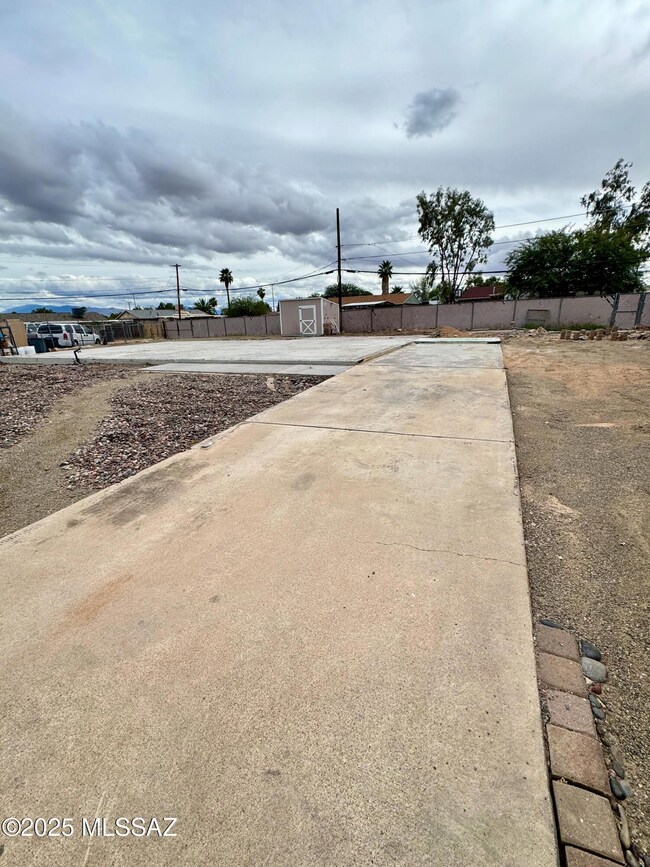 3241 S Capri Cir unit 19, Tucson, AZ 85713 - photo 5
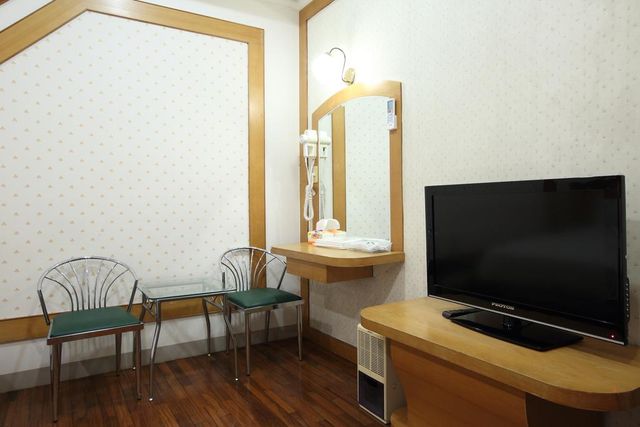 Long Shan Hotel-Superior Quadruple Room-3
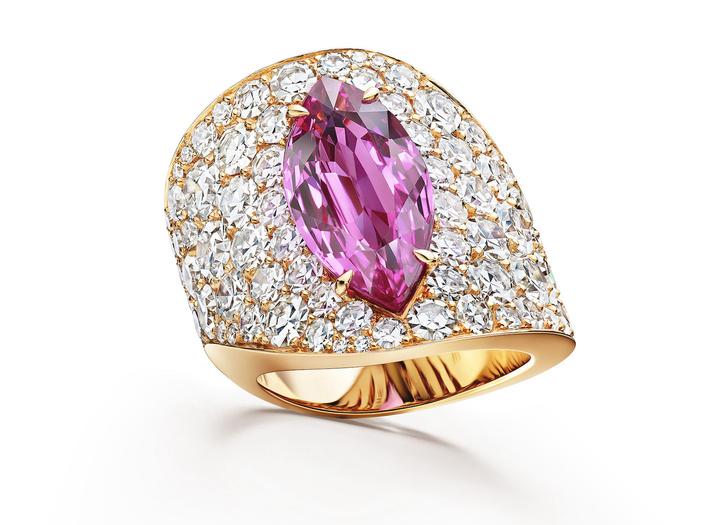 Ring in rose gold set with a 7.55-carat pink sapphire and diamonds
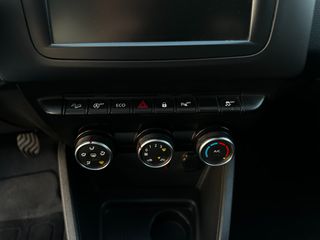 Dacia Duster 2019 4x4 Blue Sportive 115hp-thumb-39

**Work task**
A verbatim copy of the data, with all pictures omitted, is the required output.

**Final answer**
 3241 S Capri Cir unit 19, Tucson, AZ 85713 - photo 5
 Long Shan Hotel-Superior Quadruple Room-3
 Ring in rose gold set with a 7.55-carat pink sapphire and diamonds
 Dacia Duster 2019 4x4 Blue Sportive 115hp-thumb-39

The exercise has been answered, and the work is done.